Minerva Technology Inc.

MT02 - Low Power Linux Computer

Status: Development Units Availiable

Minerva Technology Inc. is pleased to offer the MT02 Low Power Computer for scientific and industrial applications. This product is designed to provide robust Internet connectivity and on-site computational power for data acquisition and processing. The MT02 provides a full GNU/Linux operating system based on the ARM Debian distribution. An independent system supervisor and watchdog is provided with a standard Linux system interface.

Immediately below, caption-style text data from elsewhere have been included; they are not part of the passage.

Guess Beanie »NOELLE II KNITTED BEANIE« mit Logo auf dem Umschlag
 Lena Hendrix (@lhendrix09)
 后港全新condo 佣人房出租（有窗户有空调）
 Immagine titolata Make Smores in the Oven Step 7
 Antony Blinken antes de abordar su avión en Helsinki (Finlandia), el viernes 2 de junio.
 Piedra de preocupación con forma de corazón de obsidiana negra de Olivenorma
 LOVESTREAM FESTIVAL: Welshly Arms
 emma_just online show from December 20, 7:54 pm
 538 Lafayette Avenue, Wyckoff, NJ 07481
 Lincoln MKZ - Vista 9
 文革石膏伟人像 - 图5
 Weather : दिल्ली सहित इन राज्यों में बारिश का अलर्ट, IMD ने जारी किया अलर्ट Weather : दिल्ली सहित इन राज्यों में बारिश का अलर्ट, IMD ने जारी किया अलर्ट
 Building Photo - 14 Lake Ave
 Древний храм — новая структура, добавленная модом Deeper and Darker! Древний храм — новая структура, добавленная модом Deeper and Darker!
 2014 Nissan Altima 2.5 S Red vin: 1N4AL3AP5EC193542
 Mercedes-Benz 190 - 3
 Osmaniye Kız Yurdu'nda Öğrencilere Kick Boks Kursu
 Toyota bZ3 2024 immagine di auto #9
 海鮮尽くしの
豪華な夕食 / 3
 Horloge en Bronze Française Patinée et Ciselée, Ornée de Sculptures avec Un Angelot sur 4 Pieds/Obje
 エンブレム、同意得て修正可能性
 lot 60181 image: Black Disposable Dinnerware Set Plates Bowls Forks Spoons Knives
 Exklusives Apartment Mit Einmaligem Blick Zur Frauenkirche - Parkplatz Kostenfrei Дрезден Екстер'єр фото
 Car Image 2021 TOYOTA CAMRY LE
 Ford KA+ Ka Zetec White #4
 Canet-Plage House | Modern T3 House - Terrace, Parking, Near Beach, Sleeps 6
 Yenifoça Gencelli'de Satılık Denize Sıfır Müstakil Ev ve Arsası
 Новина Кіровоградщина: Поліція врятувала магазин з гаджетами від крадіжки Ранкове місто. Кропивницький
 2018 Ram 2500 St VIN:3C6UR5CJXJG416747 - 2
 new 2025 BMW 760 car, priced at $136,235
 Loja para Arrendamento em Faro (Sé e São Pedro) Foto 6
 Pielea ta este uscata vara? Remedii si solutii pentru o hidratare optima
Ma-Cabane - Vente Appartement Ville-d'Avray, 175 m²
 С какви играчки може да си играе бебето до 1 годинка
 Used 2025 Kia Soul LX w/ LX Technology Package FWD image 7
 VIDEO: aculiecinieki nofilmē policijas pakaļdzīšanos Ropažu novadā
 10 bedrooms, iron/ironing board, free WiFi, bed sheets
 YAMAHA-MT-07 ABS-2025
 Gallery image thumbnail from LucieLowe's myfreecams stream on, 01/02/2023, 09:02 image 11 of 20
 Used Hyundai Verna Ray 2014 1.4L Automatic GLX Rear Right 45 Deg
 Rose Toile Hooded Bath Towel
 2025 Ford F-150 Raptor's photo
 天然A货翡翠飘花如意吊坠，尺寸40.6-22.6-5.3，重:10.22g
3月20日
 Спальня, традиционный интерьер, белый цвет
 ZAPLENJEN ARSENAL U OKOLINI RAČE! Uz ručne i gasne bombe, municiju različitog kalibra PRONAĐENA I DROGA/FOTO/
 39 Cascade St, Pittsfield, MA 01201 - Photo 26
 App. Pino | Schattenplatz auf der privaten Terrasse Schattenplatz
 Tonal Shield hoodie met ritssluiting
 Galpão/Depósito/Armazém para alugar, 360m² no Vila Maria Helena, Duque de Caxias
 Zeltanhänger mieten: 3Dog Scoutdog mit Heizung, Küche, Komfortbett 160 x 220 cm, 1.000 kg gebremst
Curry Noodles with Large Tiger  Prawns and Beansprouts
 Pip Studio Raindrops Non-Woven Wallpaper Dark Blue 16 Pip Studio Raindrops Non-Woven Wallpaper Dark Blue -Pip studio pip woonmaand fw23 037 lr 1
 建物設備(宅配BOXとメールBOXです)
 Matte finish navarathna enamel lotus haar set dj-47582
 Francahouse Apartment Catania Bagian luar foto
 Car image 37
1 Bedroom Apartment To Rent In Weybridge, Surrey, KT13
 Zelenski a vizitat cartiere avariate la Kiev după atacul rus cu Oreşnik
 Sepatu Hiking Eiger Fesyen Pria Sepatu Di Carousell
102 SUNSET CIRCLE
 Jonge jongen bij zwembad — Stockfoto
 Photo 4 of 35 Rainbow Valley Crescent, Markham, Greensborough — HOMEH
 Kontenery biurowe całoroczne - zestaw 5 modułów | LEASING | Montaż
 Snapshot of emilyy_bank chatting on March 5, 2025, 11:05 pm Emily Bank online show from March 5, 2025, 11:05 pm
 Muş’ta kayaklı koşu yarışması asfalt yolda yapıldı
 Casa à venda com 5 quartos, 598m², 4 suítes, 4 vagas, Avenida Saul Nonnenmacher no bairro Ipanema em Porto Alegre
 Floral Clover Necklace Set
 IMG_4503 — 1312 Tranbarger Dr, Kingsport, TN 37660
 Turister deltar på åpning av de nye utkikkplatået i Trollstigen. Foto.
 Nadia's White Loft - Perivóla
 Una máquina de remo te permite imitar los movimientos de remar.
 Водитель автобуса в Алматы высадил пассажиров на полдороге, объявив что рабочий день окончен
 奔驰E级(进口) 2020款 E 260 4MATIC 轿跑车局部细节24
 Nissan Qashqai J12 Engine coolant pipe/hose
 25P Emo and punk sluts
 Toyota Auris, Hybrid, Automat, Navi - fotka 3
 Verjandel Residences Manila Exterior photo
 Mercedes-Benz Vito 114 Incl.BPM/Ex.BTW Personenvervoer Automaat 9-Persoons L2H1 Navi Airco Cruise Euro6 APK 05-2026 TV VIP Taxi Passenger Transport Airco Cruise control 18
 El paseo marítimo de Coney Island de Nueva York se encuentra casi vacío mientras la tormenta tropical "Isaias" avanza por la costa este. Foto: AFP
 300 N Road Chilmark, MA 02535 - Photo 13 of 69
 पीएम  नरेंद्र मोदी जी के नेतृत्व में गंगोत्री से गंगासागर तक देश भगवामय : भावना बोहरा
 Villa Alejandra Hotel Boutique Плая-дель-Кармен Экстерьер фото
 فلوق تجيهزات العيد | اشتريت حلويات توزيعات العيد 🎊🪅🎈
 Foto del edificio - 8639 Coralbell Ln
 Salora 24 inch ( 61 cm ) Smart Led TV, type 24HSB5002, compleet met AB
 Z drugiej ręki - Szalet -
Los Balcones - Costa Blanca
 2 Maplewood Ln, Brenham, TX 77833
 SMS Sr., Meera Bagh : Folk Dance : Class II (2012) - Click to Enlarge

MT02 Final Version Features
The MT02 is designed with a 2 board topology. One standard CPU board provides the PXA255 with 128 or 256MB of 100MHz SDRAM, 32MB of flash memory, and a supervisor IC for hardware monitoring. The second board can be tailored to an application to provide a custom feature set. Available features include 10Base-T ethernet, 10/100Base-T ethernet, a smart 48 hour battery-backed UPS, a maximum of 2 PCMCIA/CompactFlash slots, and additional serial ports (RS232 or RS422). The 2 board system allows a custom solution to be designed at a significantly reduced cost and development cycle.

Supervisor Features
The supervisor IC provides independent hardware monitoring for the MT02. It monitors input voltage, battery state and all internal voltage levels. It communicates this information with Linux for monitoring by user applications. If the UPS is installed, the supervisor allows a graceful shutdown when the battery is near empty. The supervisor also allows dynamic core voltage changes while the system is running, to match the PXA255's dynamic core speed changes for power saving.

Power Consumption
Tests on the prototype version have shown the MT02 to draw less than 300mW at low speed (100MHz core, 50MHz SDRAM) with ethernet disabled. Running at full speed (400MHz core, 100MHz SDRAM) with ethernet enabled and active, the MT02 consumes just under one watt of power. The 10BaseT ethernet contributes roughly 200mW to that total. The final version will use lower power SDRAM and flash memory to reduce the power usage, especially when idle. Active load power will be further reduced by the use of low-voltage signalling.